● AIM OF THE EXERCISE:
Since only part of the material is needed, please repeat exactly the line that includes "SIMWOOD Hoodie 180182" and every line after it, up to the last.

● INFORMATION:
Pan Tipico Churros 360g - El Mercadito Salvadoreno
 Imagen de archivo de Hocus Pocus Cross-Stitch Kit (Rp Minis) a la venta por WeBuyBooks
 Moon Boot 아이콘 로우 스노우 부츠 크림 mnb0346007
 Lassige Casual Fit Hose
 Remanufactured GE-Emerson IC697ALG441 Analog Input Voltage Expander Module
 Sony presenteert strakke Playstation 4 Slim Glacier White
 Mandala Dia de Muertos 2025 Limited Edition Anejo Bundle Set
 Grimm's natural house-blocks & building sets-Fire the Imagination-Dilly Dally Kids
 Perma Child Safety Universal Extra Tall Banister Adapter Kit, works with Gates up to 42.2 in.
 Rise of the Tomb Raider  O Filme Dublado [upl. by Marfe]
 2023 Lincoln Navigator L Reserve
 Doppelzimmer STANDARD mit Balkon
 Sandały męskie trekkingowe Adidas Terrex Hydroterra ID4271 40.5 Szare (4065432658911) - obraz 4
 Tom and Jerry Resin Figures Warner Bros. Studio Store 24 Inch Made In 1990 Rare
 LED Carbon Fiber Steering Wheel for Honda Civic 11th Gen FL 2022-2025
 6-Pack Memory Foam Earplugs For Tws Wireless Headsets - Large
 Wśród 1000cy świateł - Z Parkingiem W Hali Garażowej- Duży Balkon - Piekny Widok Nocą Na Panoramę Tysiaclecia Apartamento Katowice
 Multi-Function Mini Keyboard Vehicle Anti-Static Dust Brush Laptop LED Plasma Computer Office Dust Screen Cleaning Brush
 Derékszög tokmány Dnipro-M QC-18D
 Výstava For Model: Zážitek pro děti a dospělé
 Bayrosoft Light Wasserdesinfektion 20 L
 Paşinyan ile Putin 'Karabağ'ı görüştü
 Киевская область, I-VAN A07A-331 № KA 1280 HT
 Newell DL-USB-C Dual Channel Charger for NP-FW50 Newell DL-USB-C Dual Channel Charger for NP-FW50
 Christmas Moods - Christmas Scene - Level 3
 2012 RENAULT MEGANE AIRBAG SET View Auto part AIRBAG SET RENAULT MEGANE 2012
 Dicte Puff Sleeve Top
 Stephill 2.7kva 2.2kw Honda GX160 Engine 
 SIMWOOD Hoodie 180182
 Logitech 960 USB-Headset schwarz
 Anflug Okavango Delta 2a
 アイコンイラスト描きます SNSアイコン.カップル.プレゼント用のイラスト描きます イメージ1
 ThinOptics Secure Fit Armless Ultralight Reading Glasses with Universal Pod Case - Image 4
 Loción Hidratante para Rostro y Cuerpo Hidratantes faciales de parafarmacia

● RESPONSE AREA:
 SIMWOOD Hoodie 180182
 Logitech 960 USB-Headset schwarz
 Anflug Okavango Delta 2a
 アイコンイラスト描きます SNSアイコン.カップル.プレゼント用のイラスト描きます イメージ1
 ThinOptics Secure Fit Armless Ultralight Reading Glasses with Universal Pod Case - Image 4
 Loción Hidratante para Rostro y Cuerpo Hidratantes faciales de parafarmacia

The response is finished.